Diese Werke illustrieren seinen einfachen Satz über das Verhältnis zwischen Betrachter und Kunst «What you see, is what you see». Mit anderen Worten: Der Künstler kann und will keinen Einfluss auf das Kunstverständnis seines Kunden nehmen. Dieser soll gedanklich damit machen, was er will.
Der «Kunde» als Betrachter ist im Fall von Frank Stella das richtige Wort. Denn Stella war stets ein geschickter Geschäftsmann, der um den Wert seiner Kunst wusste. Er scheute sich auch nicht, Auftragsarbeiten für kommerzielle Kunden wie etwa die Automarke BMW auszuführen. Zumal Autos stets sein Herz erfreuten; er war lange Zeit Besitzer eines Ferrari, bis ihn der aufwendige Unterhalt des Fahrzeugs so sehr nervte, dass er darauf verzichtete, wie er der «Süddeutschen Zeitung» am Rand der Rennstrecke von Hockenheim erzählte.
Der Vermarkter
Frank Stella wusste auch immer, wie er die Kritik auf sich aufmerksam machen konnte, etwa 1959 mit dem dunklen Werk «Die Fahne Hoch!», Worte, die an das Horst-Wessel-Lied der Nationalsozialisten erinnerten. Das Bildformat soll den Proportionen der Hakenkreuz-Fahnen entsprochen haben. Das war eine Provokation in einer Zeit, als noch viele Angehörige von Kriegsopfern lebten.

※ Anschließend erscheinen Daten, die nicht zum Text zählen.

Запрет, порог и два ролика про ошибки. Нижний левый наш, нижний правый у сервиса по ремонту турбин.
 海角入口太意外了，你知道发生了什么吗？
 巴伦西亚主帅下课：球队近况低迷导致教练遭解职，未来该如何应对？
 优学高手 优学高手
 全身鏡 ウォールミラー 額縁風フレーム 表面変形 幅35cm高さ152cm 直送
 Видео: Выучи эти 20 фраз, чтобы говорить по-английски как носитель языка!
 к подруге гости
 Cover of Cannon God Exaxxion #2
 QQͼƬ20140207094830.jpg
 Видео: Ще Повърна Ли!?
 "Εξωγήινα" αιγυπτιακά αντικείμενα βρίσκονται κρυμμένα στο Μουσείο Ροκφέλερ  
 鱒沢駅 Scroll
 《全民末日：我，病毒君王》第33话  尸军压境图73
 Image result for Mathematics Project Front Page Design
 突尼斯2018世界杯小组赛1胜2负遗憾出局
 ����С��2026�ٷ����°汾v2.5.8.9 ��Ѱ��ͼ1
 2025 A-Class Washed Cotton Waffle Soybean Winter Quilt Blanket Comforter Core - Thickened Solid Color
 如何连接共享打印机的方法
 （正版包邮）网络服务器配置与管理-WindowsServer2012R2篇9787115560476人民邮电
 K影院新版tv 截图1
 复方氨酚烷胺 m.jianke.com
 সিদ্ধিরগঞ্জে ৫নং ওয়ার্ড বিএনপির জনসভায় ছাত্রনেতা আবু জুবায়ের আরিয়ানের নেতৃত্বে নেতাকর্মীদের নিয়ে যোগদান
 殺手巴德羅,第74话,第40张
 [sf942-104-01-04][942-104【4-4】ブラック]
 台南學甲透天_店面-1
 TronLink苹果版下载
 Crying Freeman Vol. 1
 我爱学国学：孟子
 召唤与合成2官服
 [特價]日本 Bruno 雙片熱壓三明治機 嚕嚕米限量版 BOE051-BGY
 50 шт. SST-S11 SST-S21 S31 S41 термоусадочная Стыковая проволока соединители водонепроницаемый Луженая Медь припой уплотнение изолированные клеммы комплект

Der Künstler entstammt einer italienischen Einwandererfamilie und wuchs in Massachusetts auf. Nach der Schulzeit besuchte er die renommierte Princeton University und liess sich später in New York nieder, wo er die Journalistin Barbara Rose heiratete, die sich einen Namen als Kunstkritikerin machte.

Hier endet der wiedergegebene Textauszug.